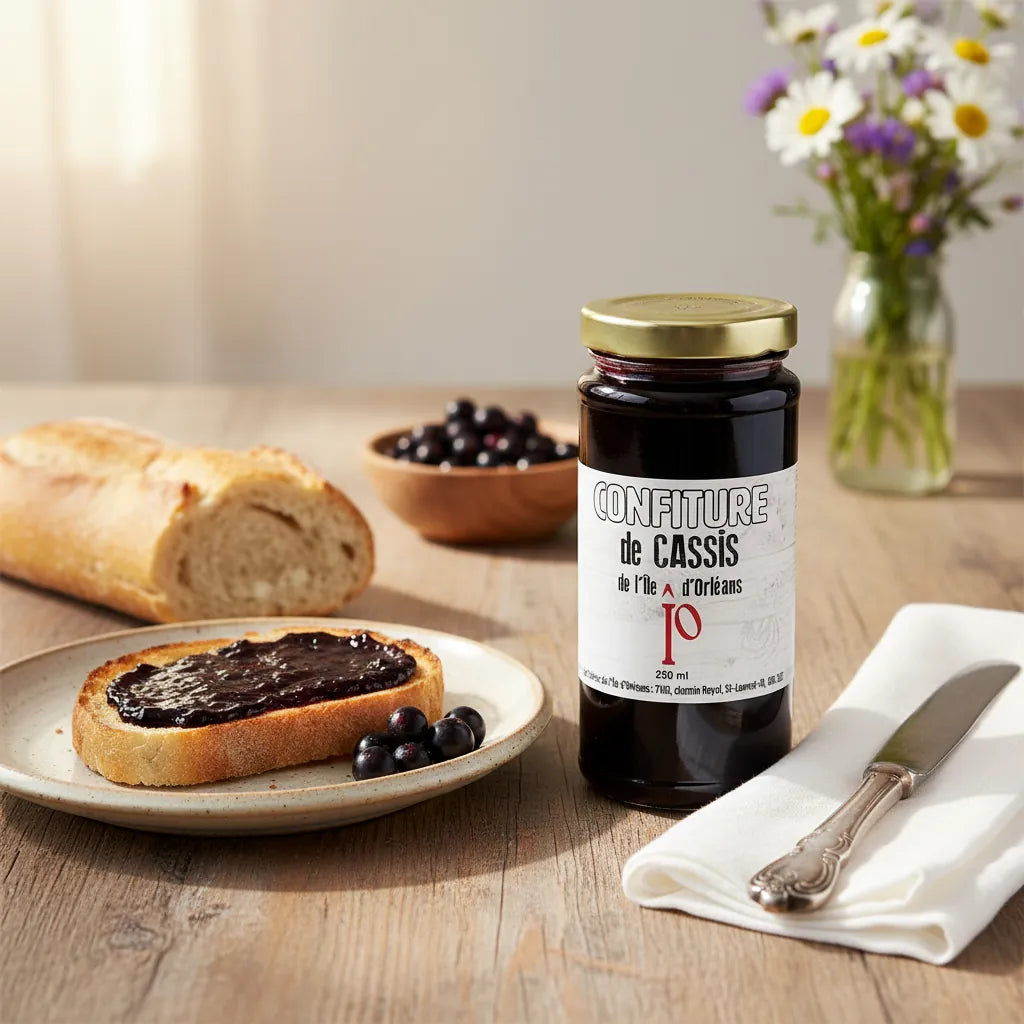 Blackcurrant jam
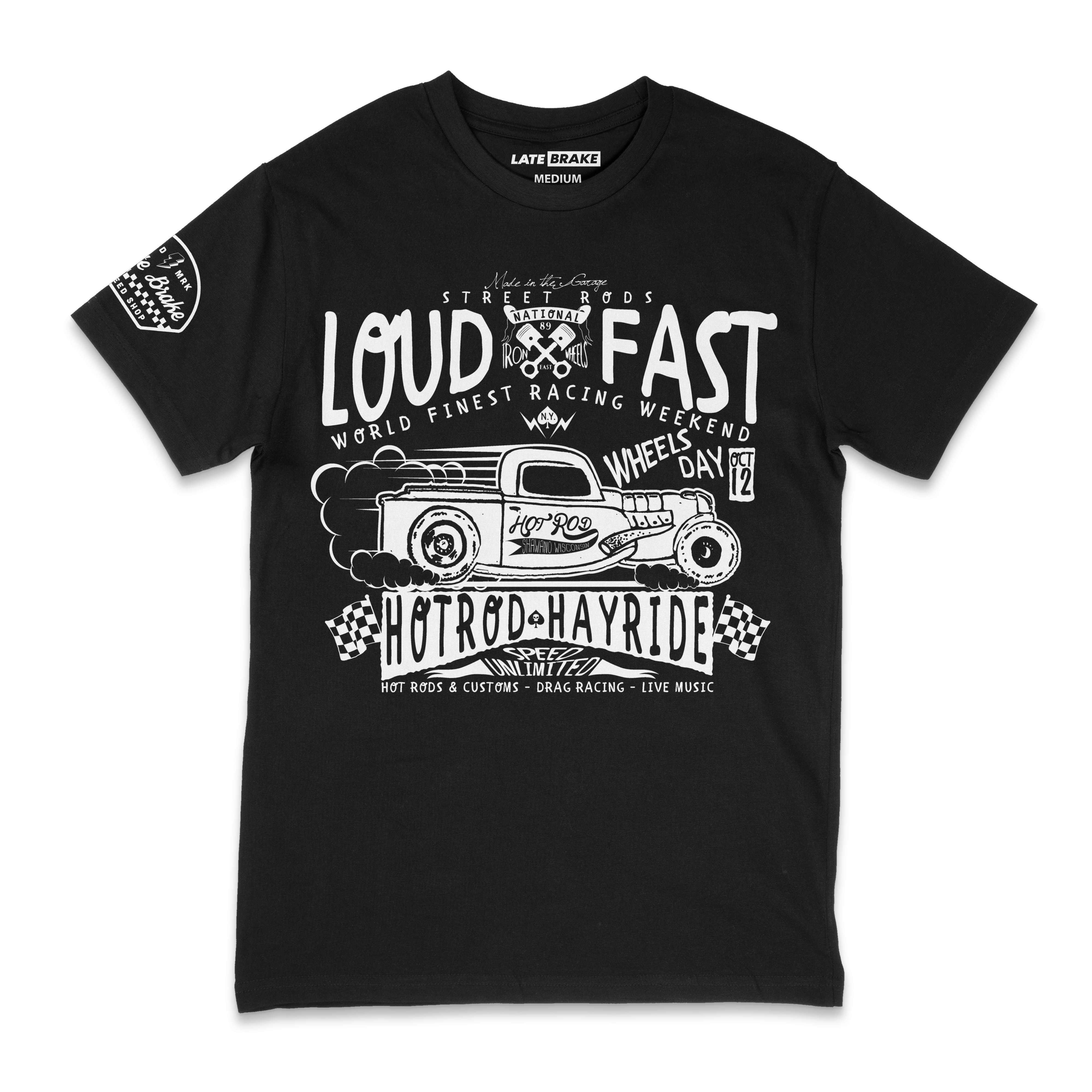 LB Hot Rod Hayride T-Shirt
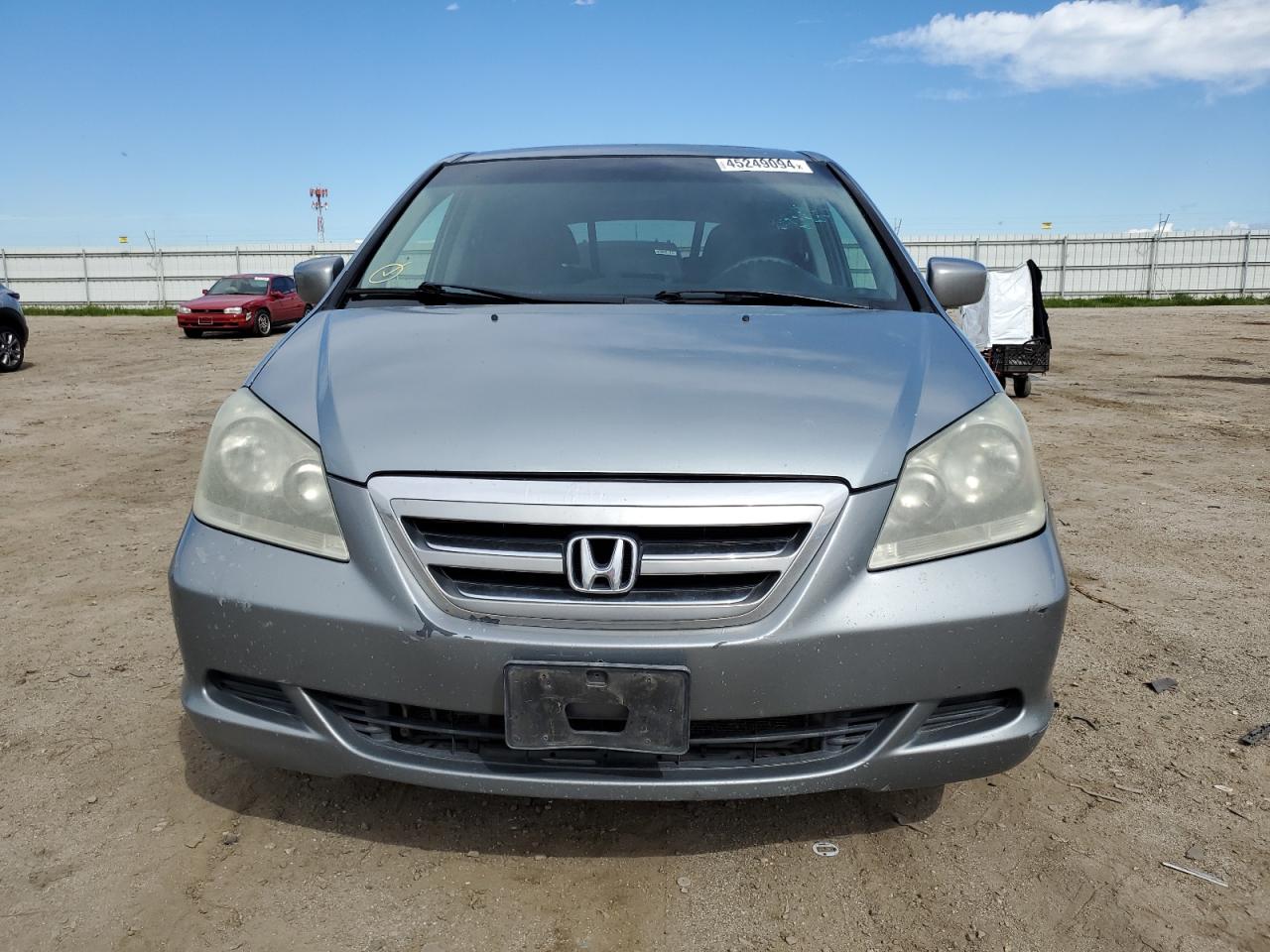 Photo 4 VIN: 5FNRL38767B125940 - HONDA ODYSSEY 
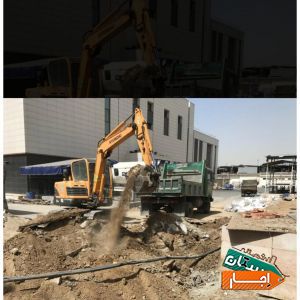 اجاره مینی بیل ،پیکور و بابکت حمل نخاله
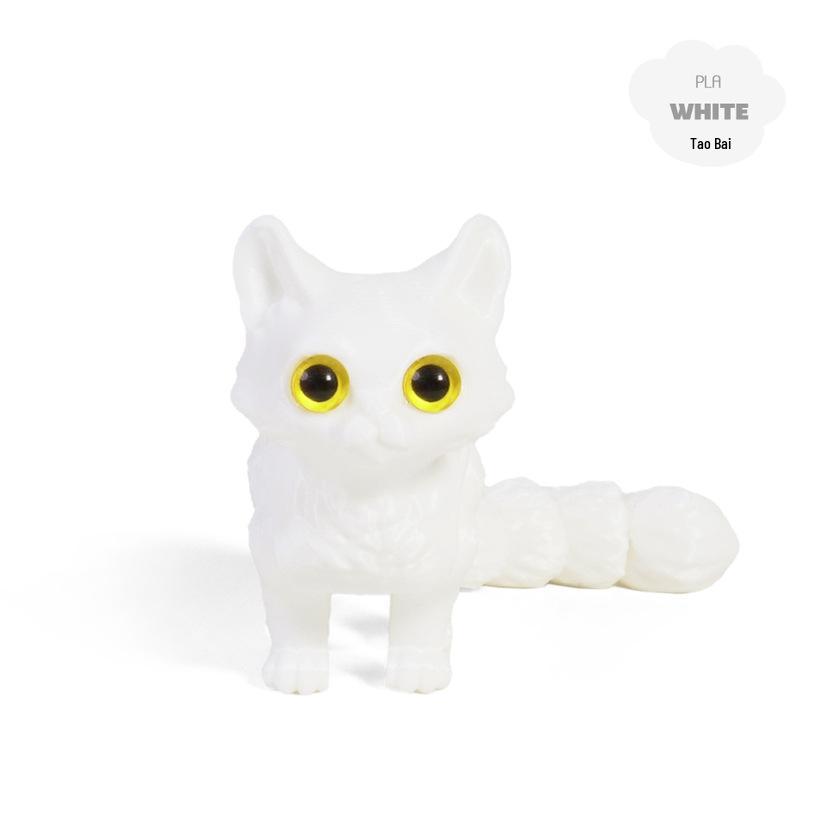 

Рухомий хвіст кошеняти 3D-друкована прикраса для автомобіля для дітей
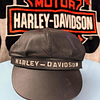 Boina cuero marca Harley Davidson, color negro Talla S 1941 1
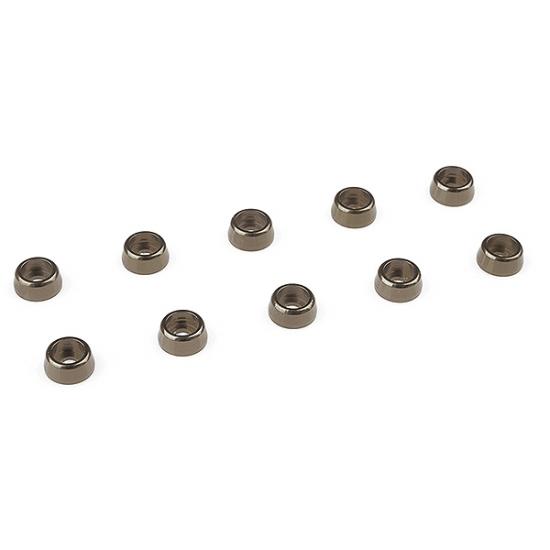 Corally Aluminium Washe R - For M2 Socket Head Screws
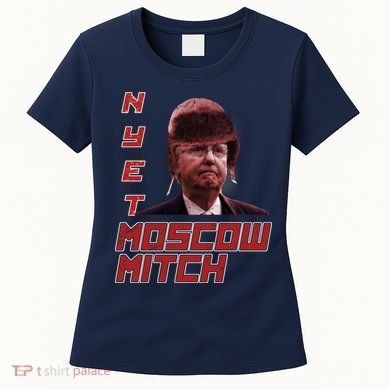 Moscow Mitch McConnell Nyet Women's T-Shirt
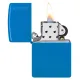 Зажигалка бензиновая Zippo Sky Blue Matte Logo Голубая (48628 ZL)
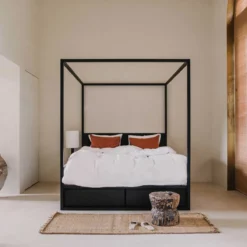 Lade voor bedframe °01 en °02 | Zwart voor 160 x 220 cm (per stuk)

- _REQUIRED ACTION_
Could you return each line, unchanged, from the line containing "Moscow Mitch McConnell Nyet Women's T-Shirt" through the last line of the entries above, leaving out the pictures?

- _EXERCISE ANSWER_
 Moscow Mitch McConnell Nyet Women's T-Shirt
 Зажигалка бензиновая Zippo Sky Blue Matte Logo Голубая (48628 ZL)
 Lade voor bedframe °01 en °02 | Zwart voor 160 x 220 cm (per stuk)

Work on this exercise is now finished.